Hannover. Zu spüren bekommen das bald auch die Bürger durch höhere Eintrittspreise in Schwimmbädern und Büchereien. Mit solchen Einschnitten allein aber lassen sich die Finanzen nicht sanieren. Die Spitzenverbände von Städten und Gemeinden haben deshalb gestern in Hannover ein "Sofortrettungsprogramm" gefordert.

Dabei steht den Kommunen das Schlimmste noch bevor: Die Steuereinnahmen 2011 liegen deutlich unter den Planzahlen und eben wegen der Wirtschaftskrise steigen vor allem die Sozialhilfeausgaben immer schneller, weil auch die Zahl der Hartz-IV-Empfänger absehbar dramatisch ansteigt. Bundesweit wird mit einem zweistelligen Milliardendefizit sowohl 2009 wie 2010 gerechnet. "Die Lage der Kommunen wird immer dramatischer", sagte gestern in Hannover Gerd Landsberg, Hauptgeschäftsführer des Deutschen Städte- und Gemeindebundes.

Mit Hilfe vom Land ist nicht zu rechnen. Innenminister Uwe Schünemann (CDU) sieht "derzeit keine Veranlassung", die Verteilung der knapper werdenden Gelder zwischen Land und Kommunen zu verändern. Dies würde die Finanzprobleme des Landes noch vergrößern. Die Landesregierung plant wegen der einbrechenden Einnahmen ohnehin rekordverdächtige neue Schulden von je 2,3 Milliarden Euro für das laufende und das kommende Jahr.

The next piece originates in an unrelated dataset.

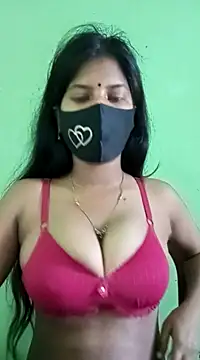 Anusri- online show from 03-05-25, 09:05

Angesichts eines Einbruchs von über 14 Prozent allein bei der Gewerbesteuer rechnen die Spitzenverbände von Städten und Gemeinden damit, dass die Summe der Kassenkredite der niedersächsischen Kommunen von derzeit 4,4 Milliarden auf mindestens fünf Milliarden Euro steigen wird. Kassenkredite sind eigentlich nur erlaubt, um kurzfristig Liquiditätsengpässe zu überbrücken. Weil aber das Land seinerseits nicht mitten in der Krise sparen will und mehr Schulden macht, wird das Innenministerium den Kommunen kaum auf die Finger klopfen.

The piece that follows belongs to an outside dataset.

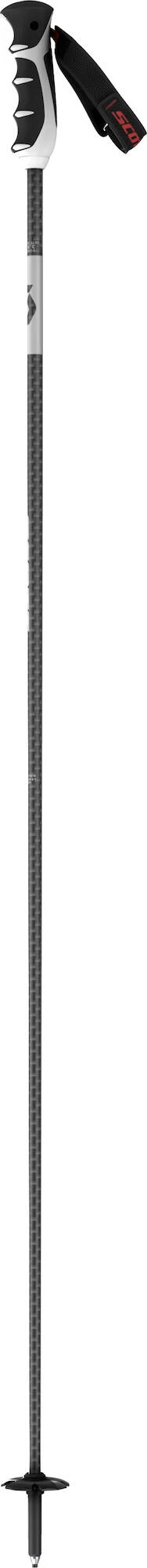 Scott Pole Zeo 14 SRS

Der Osnabrücker Oberbürgermeister Boris Pistorius (SPD) fordert deshalb inzwischen von der neuen Bundesregierung einen "Rettungsschirm" nach dem Vorbild der Banken. Städtetag und Städte- und Gemeindebund Niedersachsen haben gestern einen konkreten Forderungskatalog auch für die neue Bundesregierung vorgelegt. So soll der Bund seine Beteiligung an den Kosten für Hartz-IV-Empfänger nicht wie geplant senken, sondern entsprechend der tatsächlichen Entwicklung erhöhen. Angst macht den Kommunen zudem eine "neue Generation von Eltern". Die Befürchtung der Spitzenverbände: Weit mehr als die für 2013 eingeplanten 35 Prozent der Eltern werden eine Betreuung für Kinder unter drei Jahren einfordern.

Aber nur für diese Prozentzahl sind bislang die Kosten von zwölf Milliarden Euro kalkuliert und vom Bund mitfinanziert worden. Besonderer Wunsch an die neue Bundesregierung: keine neuen Gesetze, mit denen den Kommunen neue teure Aufgaben ohne Gegenfinanzierung übertragen werden.